Technologies that enable the use of vehicles as probes include the following:

15.2.7.1 Automatic Vehicle Identification (AVI)

AVI systems permit individual vehicles to be uniquely identified as they pass through a detection area. Although there are several different types of AVI systems, they all operate using the same general principles. A roadside communication unit (i.e., "reader") broadcasts an interrogation signal from its antenna. When an AVI-equipped vehicle comes within range of the antenna, a transponder (or tag) in the vehicle returns that vehicle's identification number to the roadside unit. The information is then transmitted to a central computer where it is processed.

The most common application of AVI technology is for automatic collection of tolls, known as Electronic Toll Collection (ETC). In this application, toll charges are electronically deducted from the driver's account when he or she passes through a toll plaza. Because tolls are collected automatically, the vehicle can pass through the toll plaza without stopping. By placing readers at selected intervals along the roadway, AVI technology may also be used as a means of using these vehicles as probes, automatically collecting travel time information. (Note: One such system – TRANSMIT – is described in the "Examples" section at the end of this chapter.)

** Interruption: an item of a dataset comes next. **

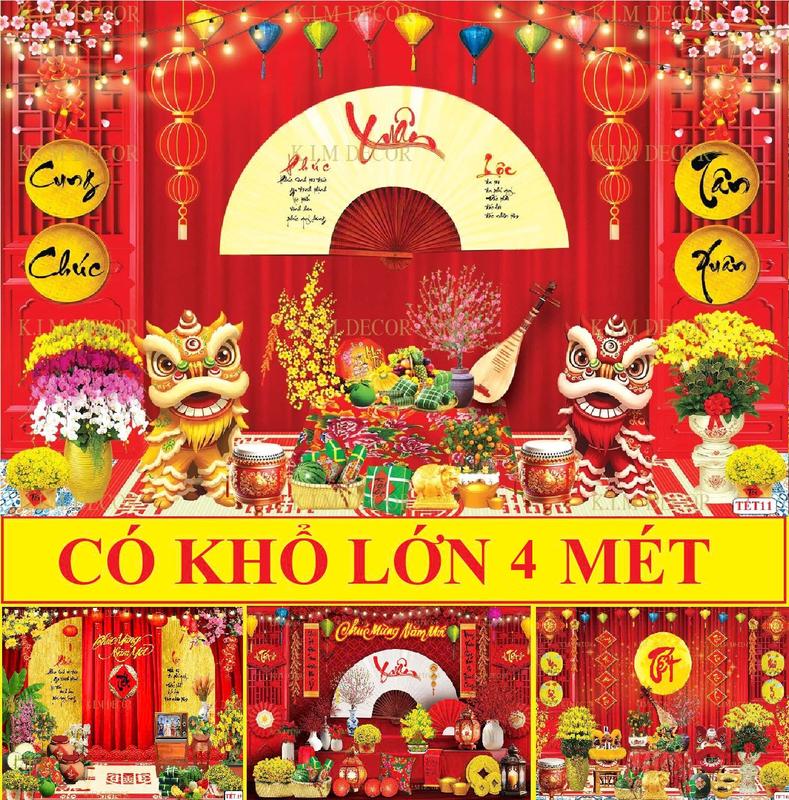 CÓ KHỔ LỚN 4 MÉT Tranh TẾT Bính Ngọ 2026 decor lễ hội Phông nền chúc mừng năm mới Tết nguyên đán 2026. Backdrop treo tranh vải Tết TET01 - PRO1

Classes of transponders, based on the degree to which they can be programmed, include the following:

• Type I. Type I transponders are read-only tags that contain fixed data, such as a vehicle identification number. They can initially be programmed either at the manufacturing facility or by the agency issuing the transponder; however, they cannot by reprogrammed without returning the transponder to the manufacturer.
• Type II. These transponders have read/write capability. In these transponders, some of the memory contains permanent information (such as vehicle identification number) and cannot be reprogrammed. However, additional memory can be provided and may be reprogrammed or written remotely from the reader. This type of transponder is typically used in toll systems to record time, date, and location of entry, and account balance for vehicles.
• Type III. These transponders are also known as "smart cards." They have extended memory and are capable of full two-way communication. With this system, vehicles can be warned of incidents, congestion, or adverse weather conditions, enabling drivers to take alternative routes. This type of system requires sophisticated technology for both the roadside and vehicle-based equipment.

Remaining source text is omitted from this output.